Halfway into a football game, as part of their warm-up programme, the shoulders drooped. The intensity with which the game was played for the first 15 minutes was missing.
But Virat Kohli was a busy bee, running from one end to the other, switching roles, as he relentlessly chased the ball. Sensing that his team-mates were taking the warm-up exercise lightly, he shouted: “C’mon guys, play it like real men.”
For Virat, there are no half measures in life, not certainly in cricket. He is the face of brave new India, which not only knows what it wants, but also how to get there.
Long ear-marked as the future of Indian cricket, Virat has shown that he will play for the country for a long time in all three formats.

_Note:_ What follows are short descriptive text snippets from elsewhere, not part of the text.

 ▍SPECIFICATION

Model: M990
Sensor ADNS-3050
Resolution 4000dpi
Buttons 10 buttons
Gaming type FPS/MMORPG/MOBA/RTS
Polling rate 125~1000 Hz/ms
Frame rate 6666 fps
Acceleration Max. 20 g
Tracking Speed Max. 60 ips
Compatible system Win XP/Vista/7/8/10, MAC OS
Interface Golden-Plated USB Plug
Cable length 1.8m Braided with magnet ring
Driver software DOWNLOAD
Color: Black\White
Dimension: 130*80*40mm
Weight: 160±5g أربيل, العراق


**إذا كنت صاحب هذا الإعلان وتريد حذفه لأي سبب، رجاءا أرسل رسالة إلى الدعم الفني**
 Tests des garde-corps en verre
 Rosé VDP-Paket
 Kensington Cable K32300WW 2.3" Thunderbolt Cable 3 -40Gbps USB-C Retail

Over the last one month, he has shown that he has got what it takes to take over from Mahendra Singh Dhoni.
Unlike Dhoni, Virat is aggressive, not afraid to show his emotions. After Thursday’s nine-wicket drubbing of Zimbabwe, which gave India a 4-0 lead, Virat made his intentions clear; “Winning 5-0 is our aim. We want to end on a high and go home with smile on the face.”
During the current series, there have been occasions when Virat has shown leadership qualities. During the first ODI, with India off to a shaky start and Ambati Rayudu for company, Virat showed maturity.

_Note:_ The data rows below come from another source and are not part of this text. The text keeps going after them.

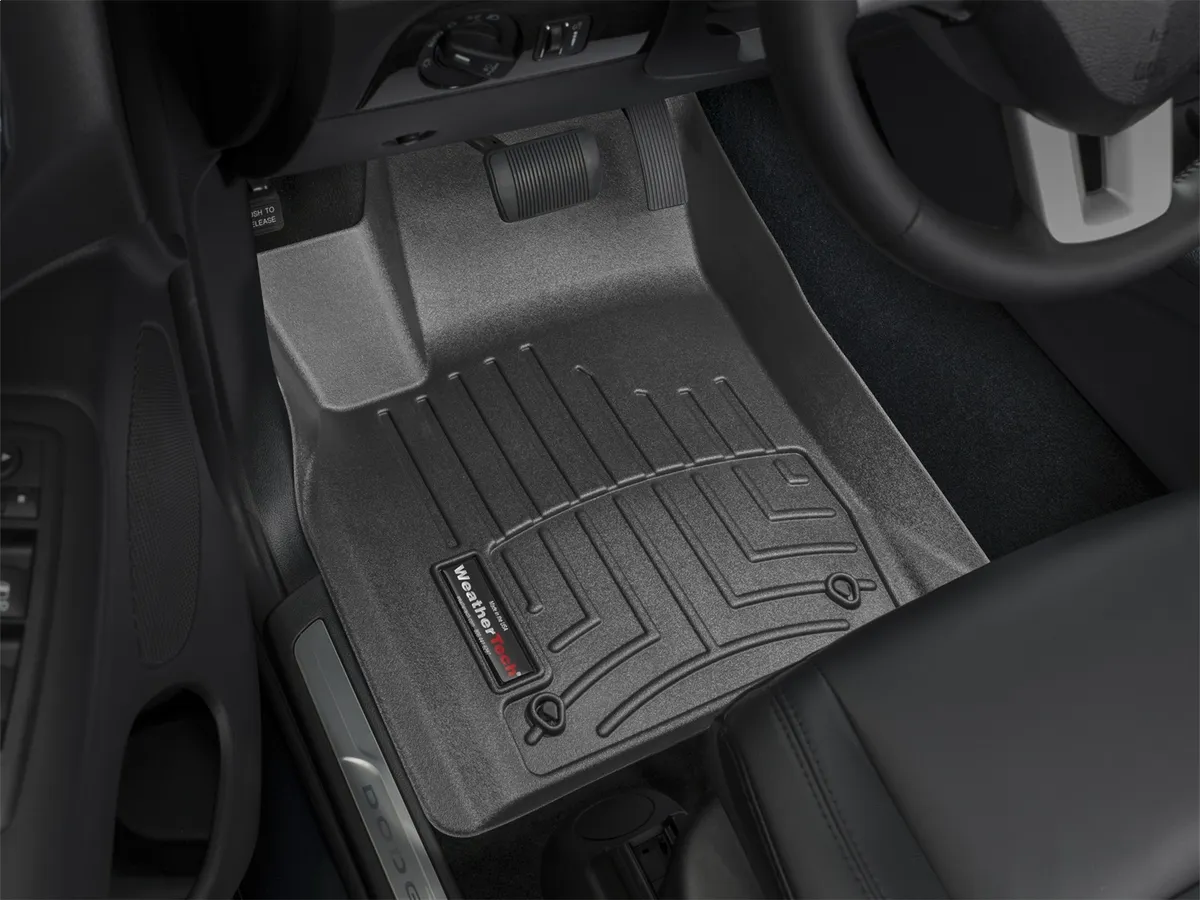 13- Grand Cherokee Front Floor Liner Black product image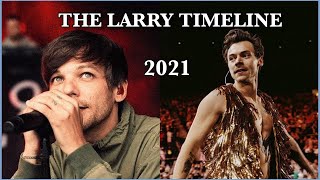 The Larry Stylinson Timeline — 2021 [upl. by Anyek]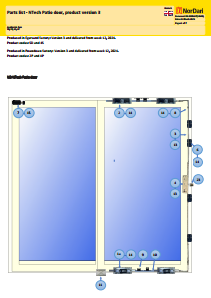 0006A7(10.00)_Parts list-NTech Patio door, product version 3.pdf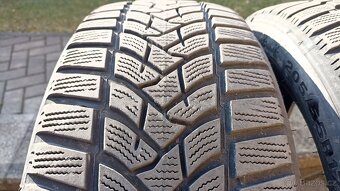 205 55 17 Dunlop wintersport 5 zimní 2 kusy - 3
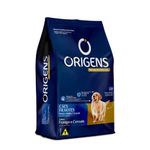 RACAO CAO ORIGENS 15KG FILHOTE MED/GRAND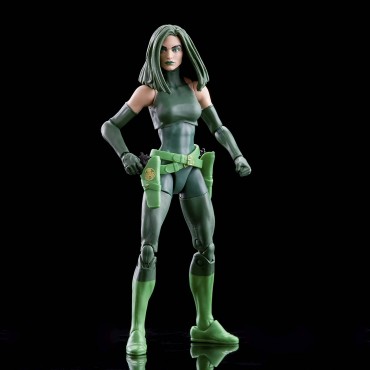 Figura Madame Hydra Marvel Legends Series Build A Figure Articulada 17 cms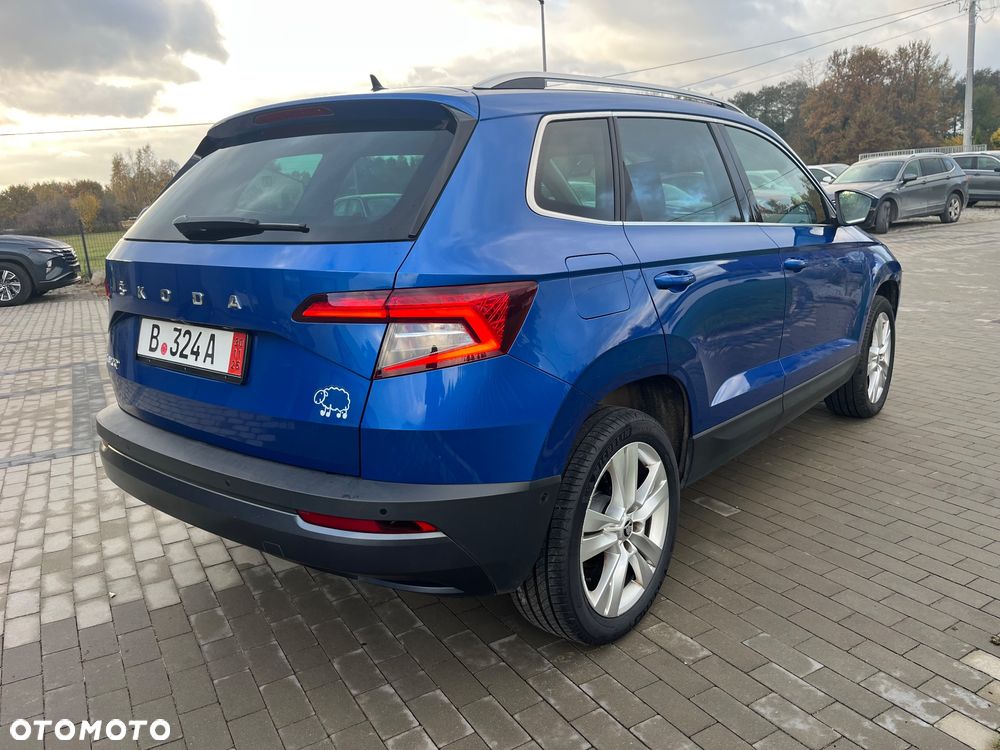 Skoda Karoq 1.6 TDI SCR DSG Style - 8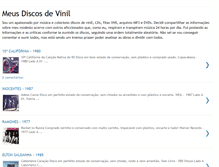 Tablet Screenshot of meusdiscosdevinil.blogspot.com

Playing his first game, Rayudu was nervous and had played and missed quite a few times. Virat stepped in to calm Rayudu, who is three years older.
“He’s playing the best cricket possible,” said Rayudu of Virat. “I feel he’s the best in the world right now in the one-day format. He made it a lot easier for me, and I was looking at the way he was constructing his innings - it’s a good learning experience,” said Rayudu.